Was ist also zu tun? Immer, wenn ich nur ansatzweise diese Frage angerissen habe, bin ich bisher auf hektisch-verstohlenes Schulterzucken gestoßen. Weil niemand eine Antwort, und auch kein Geld hat. Letzteres ist zwar überreichlich vorhanden, aber dranzukommen würde bedeuten, sich mit den mächtigen Lobbys der Superreichen anzulegen, und dazu fehlen entweder der Wille oder der Mum. Aber das bringt uns nicht nur nicht weiter, sondern vergrößert die Probleme und die allseits empfundene Ohnmacht, während weiter die Gletscher schmelzen und die Wälder sterben, aber das ist wohl in Kauf zu nehmen, erst recht, wenn die zu erzielende Kriegstüchtigkeit des Landes ganz offensichtlich politisch wichtiger ist als der Erhalt der Lebensgrundlagen…

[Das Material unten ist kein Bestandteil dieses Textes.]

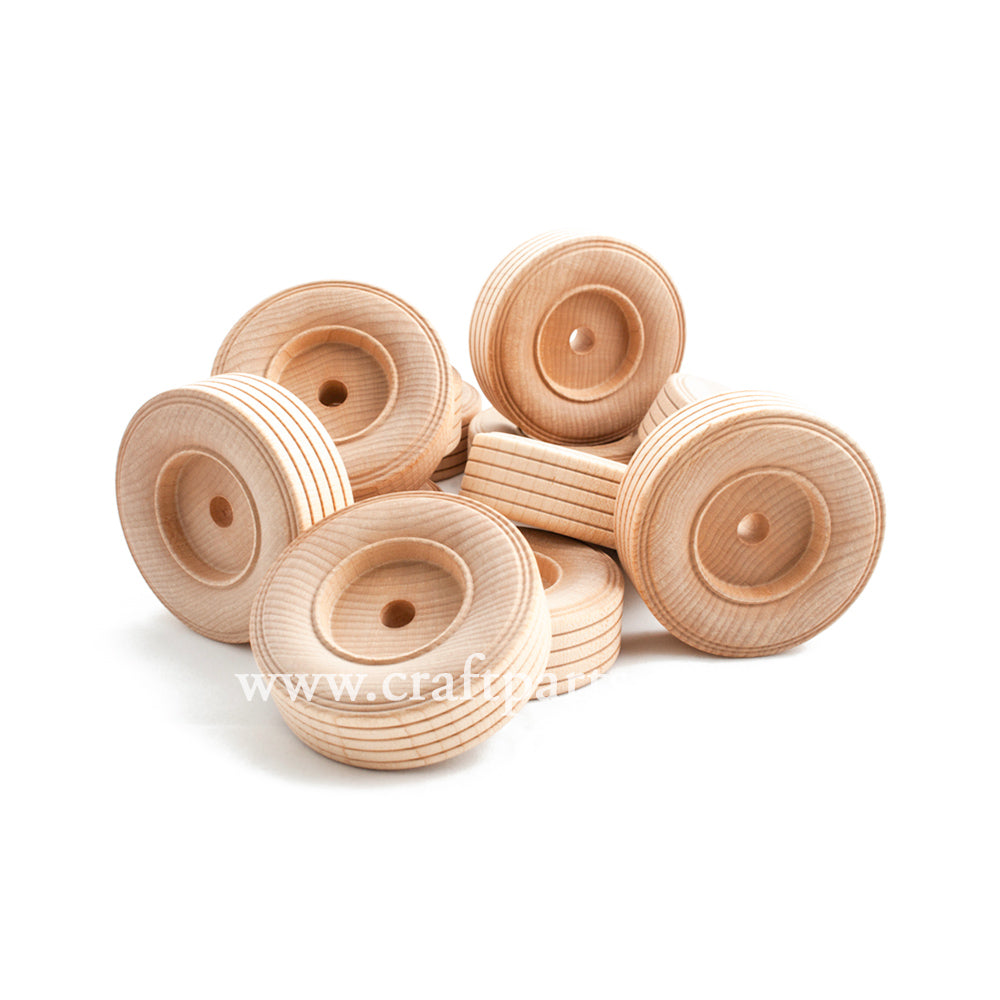 3" Treaded Wheel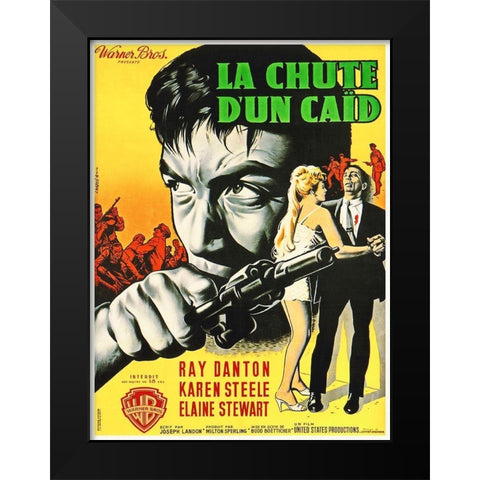 French - The Rise and Fall of Legs Diamond Black Modern Wood Framed Art Print by Hollywood Photo Archive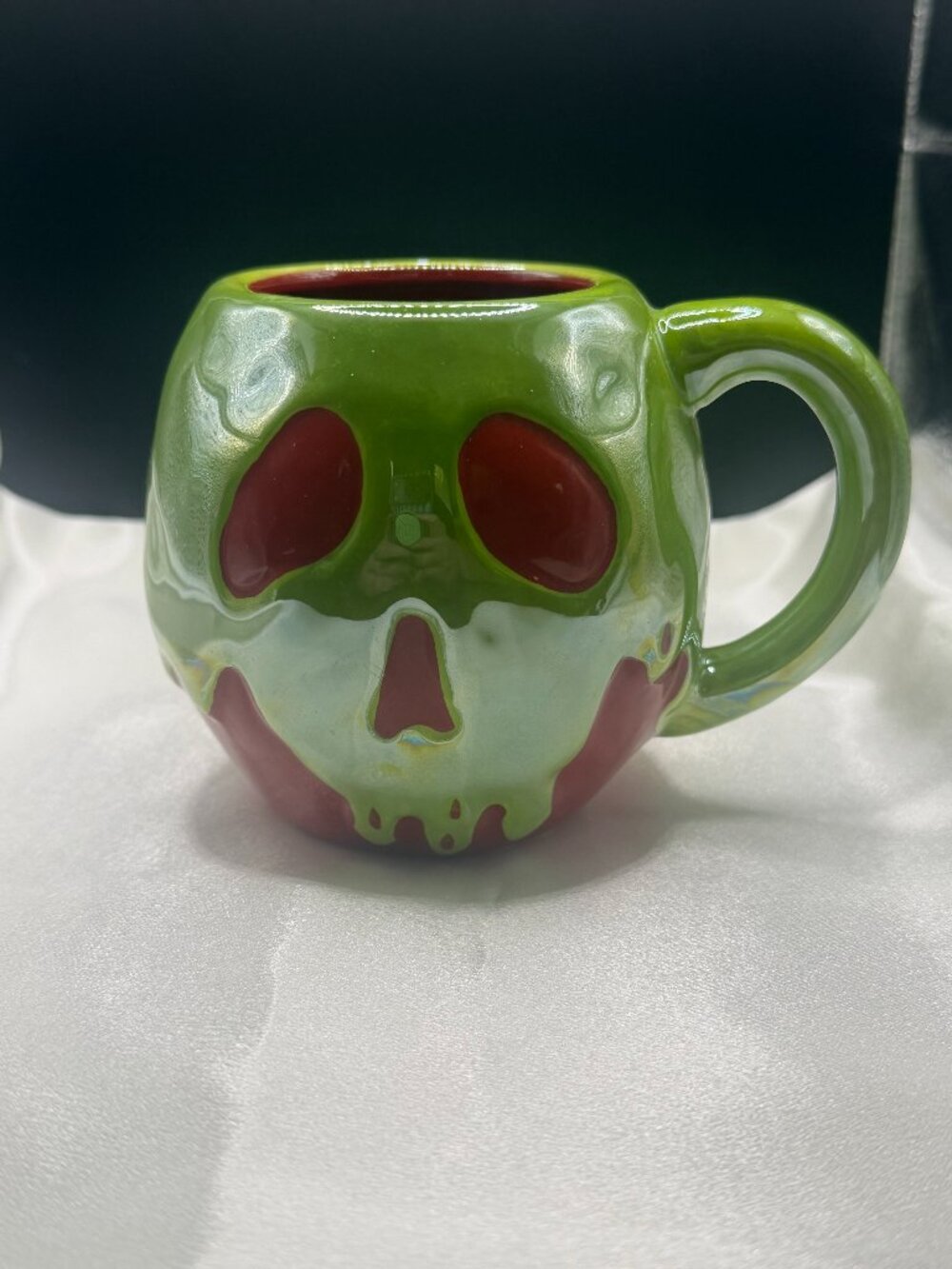 Disney Villians Whimsygoth Poison Apple Skull Mug Halloween Coffee Cup
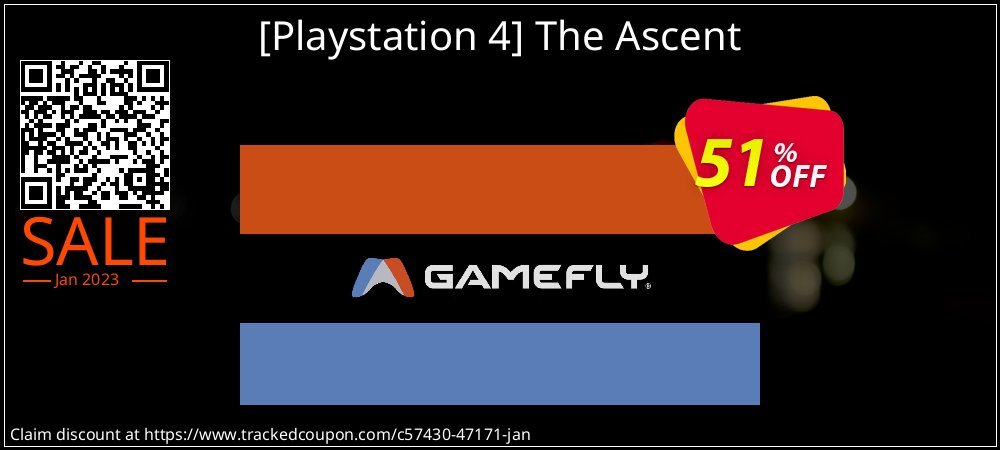  - Playstation 4 The Ascent coupon on Chinese New Year discount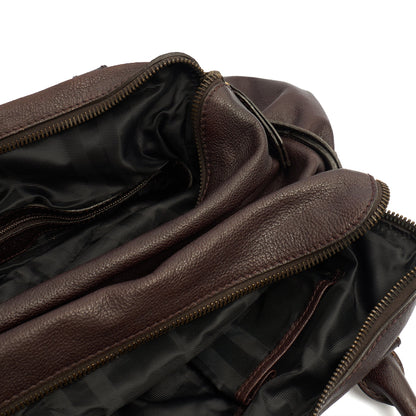 Burberry Tote Tote in Brown, Leather — Alternate View 7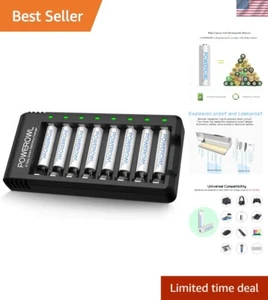 8-Pack High Capacity Rechargeable AAA Batteries with Eco-Charger - Long Lasting - Afbeelding 1 van 9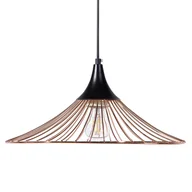 Lampy sufitowe - Beliani Lampa wisząca miedź giona (67817) - miniaturka - grafika 1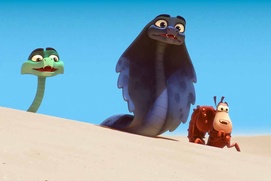 Une scène du film Sahara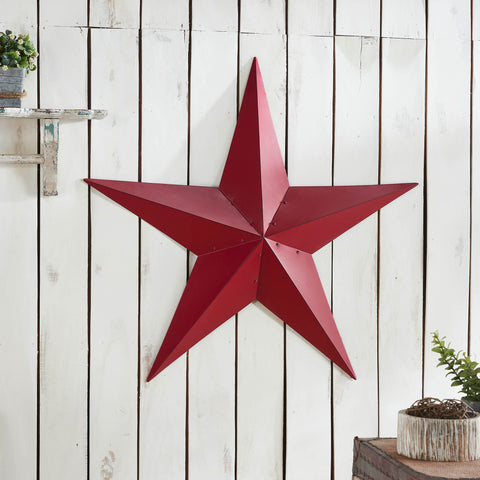Metal Star Burgundy Distressed 36x36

Ich für mich meine, es führt tatsächlich kein Weg daran vorbei, einmal unsere einseitige Fixierung auf Marktgesetze, Renditestreben und Konkurrenz in Frage zu stellen, zumindest dann, wenn es um den Bereich der öffentlichen Daseinsvorsorge geht. Dass dies nicht die Abkehr von Anbietervielfalt auf den Gleisen bedeuten muss, macht die Schweiz vor. Auch dort gibt es zahlreiche Bahnunternehmen, die sich aber mit einem Wettstreit um Ideen und Konzepte gegenseitig befruchten, und in Kooperation statt ökonomischer Konfrontation im Sinne des Gesamtsystems verbunden sind, von welchem Letzteres - wie sich jede und jeder vor Ort überzeugen kann - ausdrücklich profitiert. Zum Wohle der Gesellschaft und im Interesse derer, die nach uns kommen sollen. Aber ob sich hierzulande mal jemand von den Verantwortlichen traut, unsere Widersinnigkeiten ernsthaft in Frage zu stellen?

Einstweilen werde ich wohl, allen Gewissenskonflikten zum Trotz, nicht umhin kommen, für den Adventsbesuch meiner Mutter, soll er nicht entfallen, ein Auto zu mieten und zwei mal die hundert Kilometer jeweils hin und zurück auf der Straße zu fahren. Und im erwartbaren Stau auf der Autobahn darüber sinnieren, wie es hierzulande mit unserer angeblich menschlichen Vernunftbegabung tatsächlich aussieht.